A quick Google search revealed that India, my favourite winter destination, is off limits because of a strict lockdown and the suspension of flights, but Costa Rica is open for business.
So here I am, my lockdown leave funded by hurriedly renting out my London flat for short stays.
Because of jet lag, I’ve been getting up at 4.30am and working until midday — we’re six hours behind the UK — doing emails, and video calls with staff and clients. I eat lunch at a beachside restaurant with mesmerising views of the ocean, do yoga classes or swim in the sea. I’m going to sign up for surf lessons.
We have to wear masks and sanitise our hands and there are certain curfews in place — but it’s a small price to pay.
One of my oldest girlfriends caught the last flight out of London to Costa Rica to join me, so now I have a companion, too. The silver lining of lockdown is that I’ve realised I can run my business from anywhere in the world.
We were on one of the last flights out of Heathrow
Juliet Lemon, 39, is a self-employed photographer and lives in Putney. She and her partner Tim, 38, a business consultant, fled to Mallorca.

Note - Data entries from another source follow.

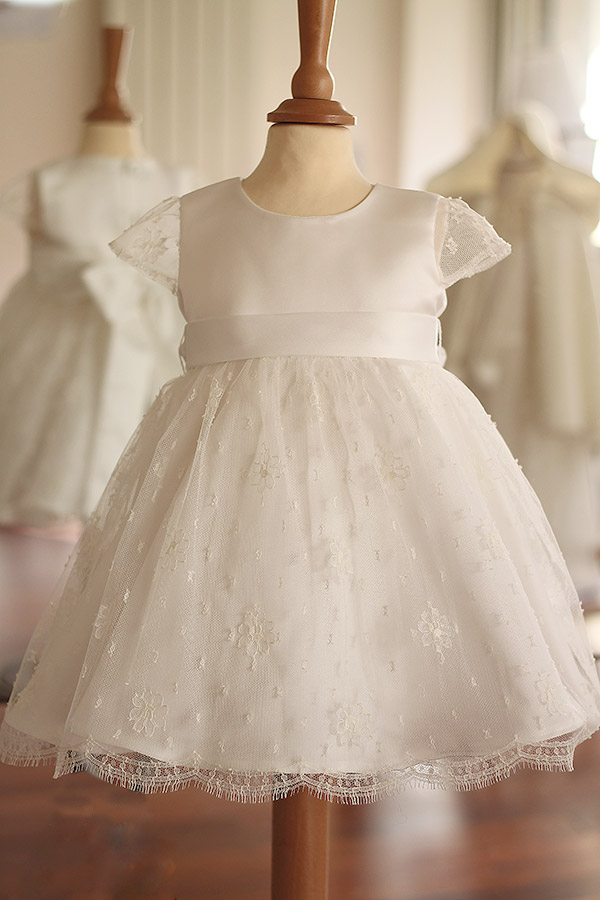 Robe Bapteme Dentelle Bebe Fille Manche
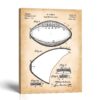 Football patent canvas print, 1939 game-ball drawing, by Crossroads Home Decor
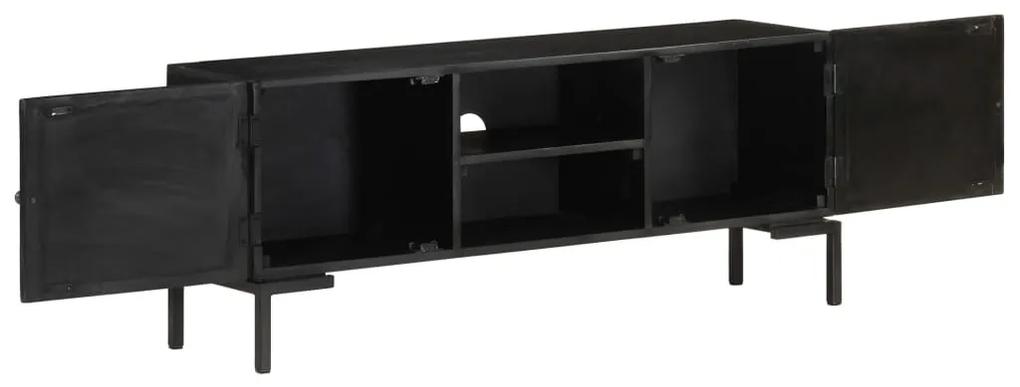 Mobile porta tv nero 115x30x46cm in legno massello di mango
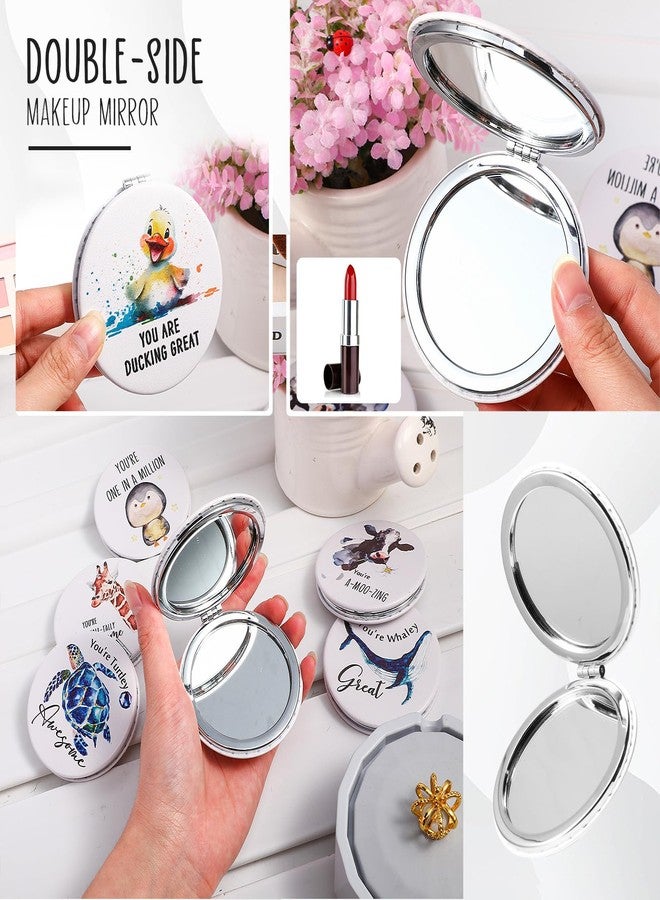 Leinuosen 6 Pcs Inspirational Compact Mirror Bulk You're Awesome Appreciation Fun Pun Animal Thank You Gift Round Makeup Mirror for Women Employee Coworker Staff Teacher Nurse Assistant - Image 5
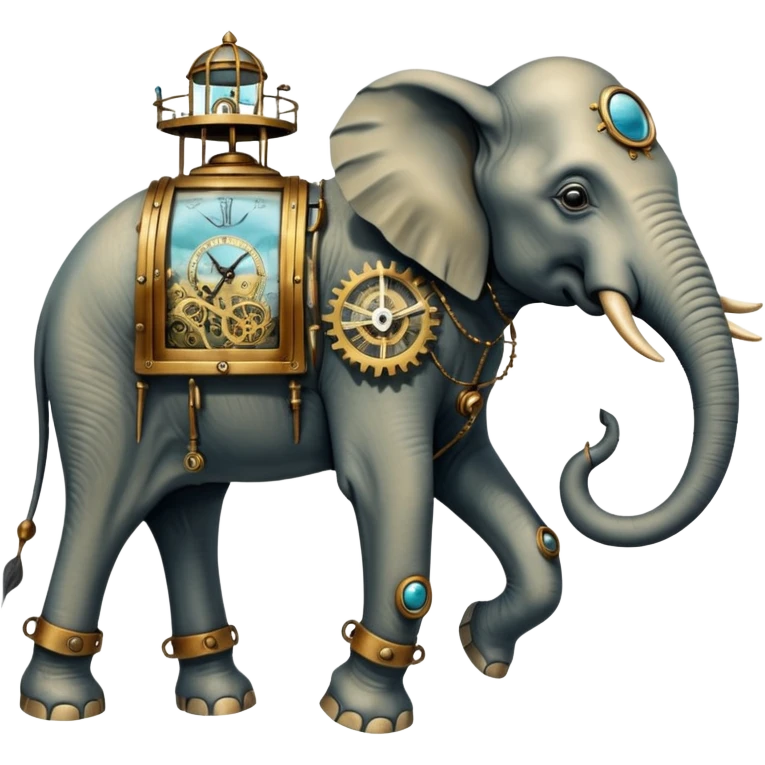 solarpunk steam-punk - surreal elephants from Salvador Dali's paintings in a dreamscape emoji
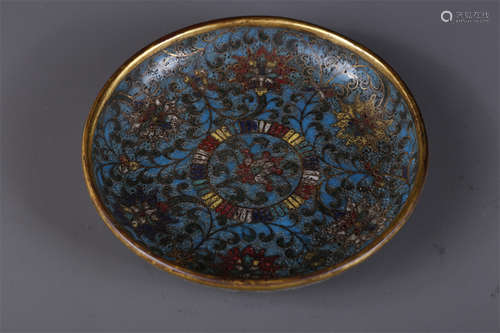 A Cloisonne Enameled Copper Incense Plate.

Last Thursday evening Tim and I met a friend and her husband for dinner.
It was the first night of lockdown so our night out shouldn’t have been possible, but we weren’t at home in London. Instead we were on the island of Mallorca, having arrived that morning.
Our decision to escape a British lockdown was last-minute. I had the idea last Sunday while chatting to my old school friend who lives on Mallorca.
After Boris’s announcement the night before I’d resolved to remain positive during the month-long restrictions.
Juliet Lemon, 39, is a self-employed photographer and lives in Putney. She and her partner Tim, 38, a business consultant, fled to Mallorca
During the first lockdown I designed a new website, worked out with Joe Wicks every day and grew my own courgettes. This time there’s the colder weather and longer nights. It’s much less appealing. When my friend ended our call by saying that it was 25 degrees on the island and she was taking her kids for a bike ride, it got me thinking.
Who said we had to spend lockdown in London?
After all, Tim and I are both self employed so we can work from anywhere. We love an adventure, I speak Spanish, and the thought of an extra hour or two of daylight at this time of year, not to mention sun and warmth, really appealed.
By Monday we’d made up our minds. That night we booked flights to Mallorca via Madrid costing £271 and are staying for the full month in Air BnB accommodation. As it was one of the last flights out of Heathrow before lockdown on Wednesday evening – non essential travel was banned from midnight that night – I didn’t dare believe it would happen till the wheels of the plane left the tarmac.
Our decision to escape a British lockdown was last-minute. I had the idea last Sunday while chatting to my old school friend who lives on Mallorca
We arrived on the island early on Thursday morning and are staying in a beach apartment in the resort of Cala Major with gorgeous views out to sea. It’s t-shirt and sundress weather by day and the air is fragrant with the smell of Mediterranean herbs, flowers and pine trees.
It’s certainly not a holiday. As soon as we arrived at our Air BnB rental Tim had work video calls to make and I had client photo editing deadlines to met. Still, who wouldn’t rather do it in a glorious location rather than in London where the view from my home office is over my tiny roof terrace and the houses beyond.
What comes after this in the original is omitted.